The task force’s thorough refocus on campus sexual assault has shocked longtime advocates.

“It was unfathomable to me that a presidential administration could take campus sexual violence this seriously,” said Meg Stone, who has worked with sexual assault survivors for 22 years. “It’s unfathomable that the response would not just be this law-enforcement only or services only, that it was this holistic, multi-tiered response to sexual violence. It was one of those things that I couldn’t imagine something this good would come out of a presidential administration, and then it did.”

But in its reframing, the task force left out an important and proven sexual assault prevention program – self-defense. Stone is director of IMPACT Boston, a self-defense curriculum that gives students the tools to defend themselves in the moment of assault. She said that though the plan provides good intervention and aftermath care for victims, there is a key element missing. The prevention.

“It is unbelievable to me that they’re not investing more – not just in any self-defense training,” Stone said. “It’s not just any person who took karate, it’s well-trained, highly skilled, highly qualified people who can present self-defense in a way that makes totally clear that the person that perpetrates is responsible for that act and the person who is the intended victim is not, and to give students the practical tools that have actually been shown by research to reduce victimization rates.”

Although she emphasized that the shift away from victim blaming is positive, Stone said taking defense out of the equation also takes away one of the most effective methods of prevention. A study done at the University of Oregon shows that a group of women who took a self-defense course reported much lower instances of sexual assault.
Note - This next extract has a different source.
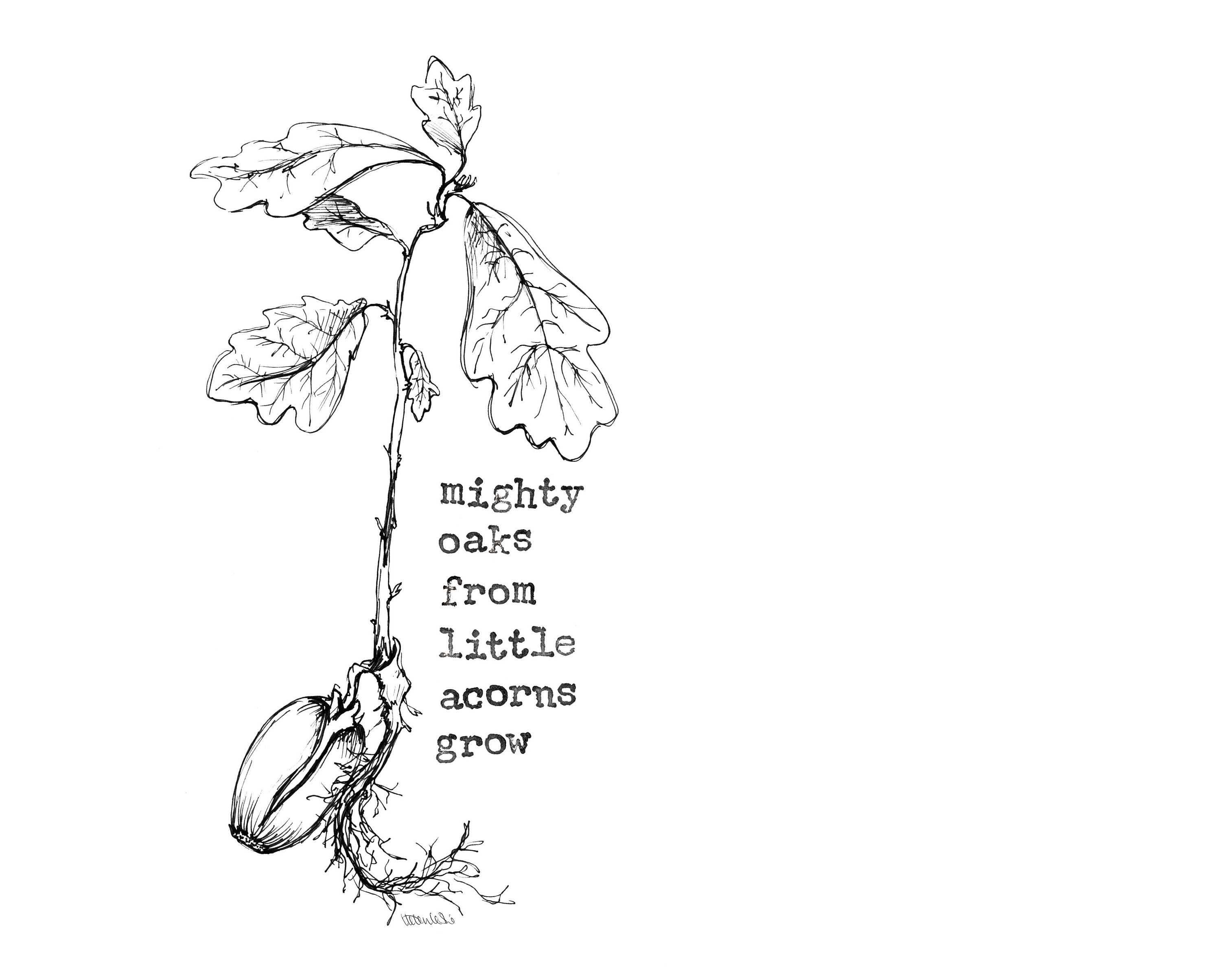 Mighty Oaks From Little Acorns Grow Digital Download Art Print Etsy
“The reality is that we have little tiny shreds of evidence about what make people more or less likely to rape,” Stone said. “I would love to be doing whatever one could do to have a person who would have otherwise perpetrated sexual violence have a change of heart that impacted their behavior for the rest of their lives. What I do know is that people who have the skill set and the support and the permission and the socialization that says, ‘If someone chooses you as the intended target of sexual violence, you’re not their prey. Here’s what you can do.’ I know that works.”

 “I do this not because it is my most lofty goal, but because it is the most effective thing I know,” she added. 

In a Washington Post op-ed, self-defense instructors and anti-violence educators Lauren Taylor and Lynne Marie Wanamaker echoed Stone’s concerns, saying that it was “wrong to omit self-defense from its prevention recommendations.” They, too, believe that it is a practical solution for victims.

“We would never tell women that they ‘should’ take a self-defense class: Prescribing behavior is the very opposite of empowerment,” Taylor and Wanamaker wrote. “The only thing we’d say women ‘should’ do is feel free to move in both the public and private spheres without fear. In the absence of such freedom, we believe that women’s self-defense is a valuable — and increasingly proven — tool to prevent sexual assault.”

So self-defense is one piece of the puzzle of preventing sexual assault. But as it turns out, there are a lot of pieces, and the task force has already put some into place. There’s NotAlone.gov, a resource for survivors and schools dealing with sexual assault victims. There are the Title IX guidelines given to school administrators. There are toolkits, data dumps.

The White House task force aims to be more than an empty gesture that has faded away; it seems like a genuine drive to change a pervasive, dangerous part of campus culture. Still, looking at horrific fallout from sexual assault cases at institutions such as Vanderbilt University, where two former football players were convicted for aggravated rape and sexual battery just this month, it’s clear they have a long way to go.